Tuesday, January 20, 2009

A Teardrop Falls



Kodak commercials aside, I'm not one given even a tiny bit to cheap sentiment or easy emotion. But I'll admit that tears welled when I saw Barack Obama rise to take the Oath of Office as president of the United States.

Too many people much smarter and more eloquent than myself have spilled rivers of ink capturing what Obama's election means for completing the project that is America. All I can add is, "Fuckin' A! Forty years from Martin Luther King's assassination to a black president. Is this a great country, or what?"

Of course, it's easy for me to say that because I have a nice place to live, and overfilled belly, and, for now, money in the bank and work on my desk. Too many people in this country aren't as comfortable. So many people around the world aren't as comfortable that they are probably the ones who should move me to tears.

Electing Obama represents a very small part of what is best about America. To fully realize the American dream, as Obama noted,

There is work to be done. The state of the economy calls for action, bold and
swift, and we will act -- not only to create new jobs, but to lay a new
foundation for growth. We will build the roads and bridges, the electric
grids and digital lines that feed our commerce and bind us together. We will
restore science to its rightful place, and wield technology's wonders to
raise health care's quality and lower its cost. We will harness the sun and
the winds and the soil to fuel our cars and run our factories. And we will
transform our schools and colleges and universities to meet the demands of a
new age. All this we can do. And all this we will do.
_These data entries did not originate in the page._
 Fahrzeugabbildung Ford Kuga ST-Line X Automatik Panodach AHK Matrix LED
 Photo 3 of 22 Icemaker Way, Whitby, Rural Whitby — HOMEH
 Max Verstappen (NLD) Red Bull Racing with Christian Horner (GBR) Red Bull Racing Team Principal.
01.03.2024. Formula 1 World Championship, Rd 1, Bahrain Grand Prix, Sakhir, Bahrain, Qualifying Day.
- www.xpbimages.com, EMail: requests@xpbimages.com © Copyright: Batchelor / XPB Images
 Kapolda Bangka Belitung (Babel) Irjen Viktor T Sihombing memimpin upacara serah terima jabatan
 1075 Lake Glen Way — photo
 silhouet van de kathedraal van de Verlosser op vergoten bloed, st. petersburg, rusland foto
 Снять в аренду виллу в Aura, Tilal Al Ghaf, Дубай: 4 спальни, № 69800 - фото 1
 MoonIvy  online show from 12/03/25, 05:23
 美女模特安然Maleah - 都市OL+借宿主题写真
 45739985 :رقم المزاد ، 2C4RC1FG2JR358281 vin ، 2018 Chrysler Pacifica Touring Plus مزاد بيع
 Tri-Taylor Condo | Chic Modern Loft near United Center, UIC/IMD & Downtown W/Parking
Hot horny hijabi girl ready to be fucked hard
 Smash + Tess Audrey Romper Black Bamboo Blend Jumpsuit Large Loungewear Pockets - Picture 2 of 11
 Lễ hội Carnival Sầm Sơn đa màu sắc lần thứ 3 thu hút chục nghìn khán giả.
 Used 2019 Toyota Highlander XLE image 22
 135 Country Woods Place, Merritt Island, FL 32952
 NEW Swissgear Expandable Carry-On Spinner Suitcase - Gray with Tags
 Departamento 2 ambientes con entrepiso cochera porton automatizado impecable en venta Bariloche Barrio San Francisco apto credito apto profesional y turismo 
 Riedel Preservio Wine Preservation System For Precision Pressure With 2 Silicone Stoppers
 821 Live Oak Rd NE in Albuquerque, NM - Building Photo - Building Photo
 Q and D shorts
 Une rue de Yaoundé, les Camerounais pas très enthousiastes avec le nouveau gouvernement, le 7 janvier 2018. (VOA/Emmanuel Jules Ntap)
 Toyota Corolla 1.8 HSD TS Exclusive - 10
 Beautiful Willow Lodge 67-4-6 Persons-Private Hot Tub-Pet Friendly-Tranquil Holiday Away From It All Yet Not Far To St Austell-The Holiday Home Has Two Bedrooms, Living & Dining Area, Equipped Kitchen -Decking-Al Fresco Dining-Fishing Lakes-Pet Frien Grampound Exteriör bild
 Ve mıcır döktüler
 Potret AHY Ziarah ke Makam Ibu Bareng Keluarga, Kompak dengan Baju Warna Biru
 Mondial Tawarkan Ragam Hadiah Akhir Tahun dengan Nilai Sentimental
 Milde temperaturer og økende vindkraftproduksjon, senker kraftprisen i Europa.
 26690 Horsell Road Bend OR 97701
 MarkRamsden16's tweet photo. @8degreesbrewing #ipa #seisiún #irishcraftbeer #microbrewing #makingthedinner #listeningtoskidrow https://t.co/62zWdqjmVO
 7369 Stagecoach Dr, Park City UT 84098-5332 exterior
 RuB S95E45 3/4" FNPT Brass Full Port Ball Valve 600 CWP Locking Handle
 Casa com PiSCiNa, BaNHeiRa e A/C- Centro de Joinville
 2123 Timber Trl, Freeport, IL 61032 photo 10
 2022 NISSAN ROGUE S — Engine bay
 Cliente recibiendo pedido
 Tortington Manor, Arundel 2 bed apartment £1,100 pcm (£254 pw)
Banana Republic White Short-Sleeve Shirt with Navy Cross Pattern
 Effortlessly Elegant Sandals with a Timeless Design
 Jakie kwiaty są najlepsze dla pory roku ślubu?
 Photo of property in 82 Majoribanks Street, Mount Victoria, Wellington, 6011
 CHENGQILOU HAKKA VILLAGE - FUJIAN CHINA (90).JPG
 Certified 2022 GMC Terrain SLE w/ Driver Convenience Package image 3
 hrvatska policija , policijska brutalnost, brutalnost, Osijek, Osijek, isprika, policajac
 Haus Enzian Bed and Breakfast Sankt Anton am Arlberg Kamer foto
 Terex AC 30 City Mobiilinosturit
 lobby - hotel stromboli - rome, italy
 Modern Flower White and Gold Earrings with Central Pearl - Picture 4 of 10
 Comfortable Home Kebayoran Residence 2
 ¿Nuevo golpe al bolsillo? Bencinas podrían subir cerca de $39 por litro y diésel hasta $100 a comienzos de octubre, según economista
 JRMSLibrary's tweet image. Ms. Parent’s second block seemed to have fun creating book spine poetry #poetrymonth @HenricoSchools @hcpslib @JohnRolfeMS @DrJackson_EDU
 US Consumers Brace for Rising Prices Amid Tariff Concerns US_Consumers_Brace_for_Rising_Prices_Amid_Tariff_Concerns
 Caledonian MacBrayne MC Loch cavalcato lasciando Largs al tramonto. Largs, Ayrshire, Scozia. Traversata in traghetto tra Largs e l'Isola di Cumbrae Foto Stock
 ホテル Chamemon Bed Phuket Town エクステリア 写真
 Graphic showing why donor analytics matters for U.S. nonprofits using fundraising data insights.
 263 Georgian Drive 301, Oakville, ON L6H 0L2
Accomplishing any one of those things would be a tall order. Indeed, most presidential administrations have failed to even make progress toward a single one of the goals Obama listed.

I got the feeling this afternoon, though, that Congress and most American citizens finally stand ready to make the hard choices and do the hard work to prove that our "ideals still light the world, and we will not give them up for expedience's sake. ... [And] that America is a friend of each nation and every man, woman, and child who seeks a future of peace and dignity, and that we are ready to lead once more."

So God guide you, Mr. President. Make the right choices, and we will follow.